Post by Mike Van Pelt
FTL travel is, alas, the same thing as time travel into the
past. Assuming relativity is correct, of course.
Yes, but relativity can also be correct "most of the time".
"In order to travel at speeds faster than light, a spaceship has to drop into subspace. There, different laws of physics apply. But they're logically consistent with our Universe, just the same. Any faster-than-light journey that is possible in subspace is, from the viewpoint of our Universe, a journey forwards in time from the unique inertial reference frame the importance and special nature of which is revealed by the subspace drive."
"In our Universe, the laws of Special Relativity still apply, and all possible journeys must be forwards in time from the view of all reference frames, which means they must be slower than light speed, because nothing in our Universe - except its connection to subspace, which the FTL drive uses - differentiates between inertial reference frames."
...how it could be explained in a science-fiction story.
ObSF: I recall one story (but not the author or title) where
details on hyperspace were kept all hush-hush. At the end, the reveal
was the the speed of light was
S
P
O
I
L
E
R
S
P
A
C
E
*slower* in hyperspace.
That's an _OLD_ story, '40s or '50s I believe. A researcher/scientist
was complaining to his superior that his hyperspace project wasn't being
funded or supported. Finally he was told that several others had
already succeeded and found out your spoiler.
"FTA" (1974) by George R R Martin.
--
Jerry Brown

A cat may look at a king
(but probably won't bother)
Dimensional Traveler
2019-06-01 17:46:00 UTC
Reply
Permalink
Post by Jerry Brown
On Fri, 31 May 2019 23:48:26 -0700, Dimensional Traveler
Post by Dimensional Traveler
Post by Gene Wirchenko
On Thu, 30 May 2019 20:43:05 -0700 (PDT), Quadibloc
Post by Quadibloc
Post by Mike Van Pelt
FTL travel is, alas, the same thing as time travel into the
past. Assuming relativity is correct, of course.
Yes, but relativity can also be correct "most of the time".
"In order to travel at speeds faster than light, a spaceship has to drop into subspace. There, different laws of physics apply. But they're logically consistent with our Universe, just the same.

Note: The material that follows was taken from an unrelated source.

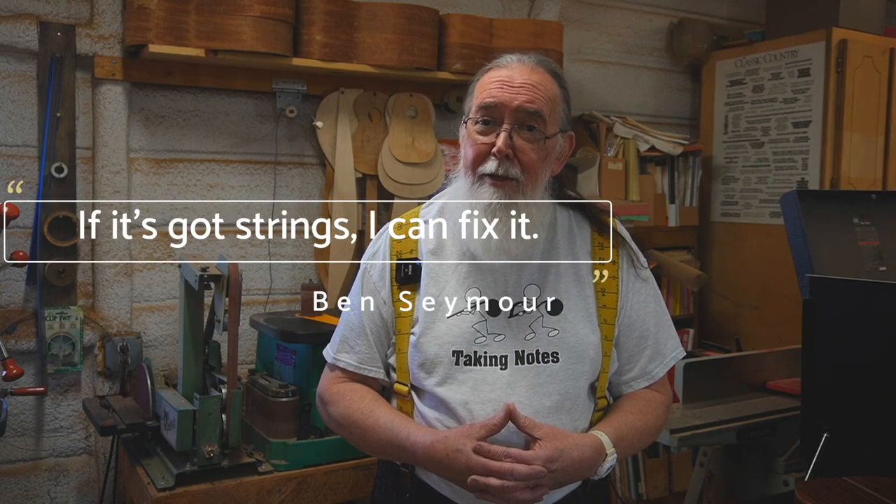I'll tell you if it's worth fixing. You can fix anything — you really can. You can replace backs, sides, cracks, all that kind of stuff. I will let a person know if it's going to be worth it and give them a very close ballpark as to what it might cost them. If it's got strings, I can fix it.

Any faster-than-light journey that is possible in subspace is, from the viewpoint of our Universe, a journey forwards in time from the unique inertial reference frame the importance and special nature of which is revealed by the subspace drive."
"In our Universe, the laws of Special Relativity still apply, and all possible journeys must be forwards in time from the view of all reference frames, which means they must be slower than light speed, because nothing in our Universe - except its connection to subspace, which the FTL drive uses - differentiates between inertial reference frames."
...how it could be explained in a science-fiction story.
ObSF: I recall one story (but not the author or title) where
details on hyperspace were kept all hush-hush. At the end, the reveal
was the the speed of light was
S
P
O
I
L
E
R
S
P
A
C
E
*slower* in hyperspace.
That's an _OLD_ story, '40s or '50s I believe. A researcher/scientist
was complaining to his superior that his hyperspace project wasn't being
funded or supported. Finally he was told that several others had
already succeeded and found out your spoiler.
"FTA" (1974) by George R R Martin.
*scratches head* Okay, not as old as I thought. Thank you.
--
Inquiring minds want to know while minds with a self-preservation
instinct are running screaming.
a***@gmail.com
2019-06-01 13:52:06 UTC
Reply
Permalink
Post by Mike Van Pelt
Post by a***@gmail.com
What scientific advancement would be the hardest, is time travel
to the past. I am not sure that will be ever possible.
FTL travel is important for exploring and colonising the universe.
FTL travel is, alas, the same thing as time travel into the
past. Assuming relativity is correct, of course. If you can
make any effect happen at point B at a distance from the cause
at point A more quickly than light could travel from point A
to point B, you can use that ability to make the effect happen
earlier in time than the cause, whether that's a message, or
the arrival of a spacecraft. It's just the nature of how
relativity works.
As I said, assuming relativity is correct. But that is an
exceptionally well tested theory, to the point that even if
it is overturned at some point in the future, it's almost
certain that the replacement theory will have the same very
annoying speed limit.
Almost... But you need to understand why relativity has
this characteristic in order to properly break it for a
story. Traditionally, it's just been handwaved.
All scientific theories are provisional. Theories of physics build models of reality. It is likely that SR will eventually be replaced by a better theory.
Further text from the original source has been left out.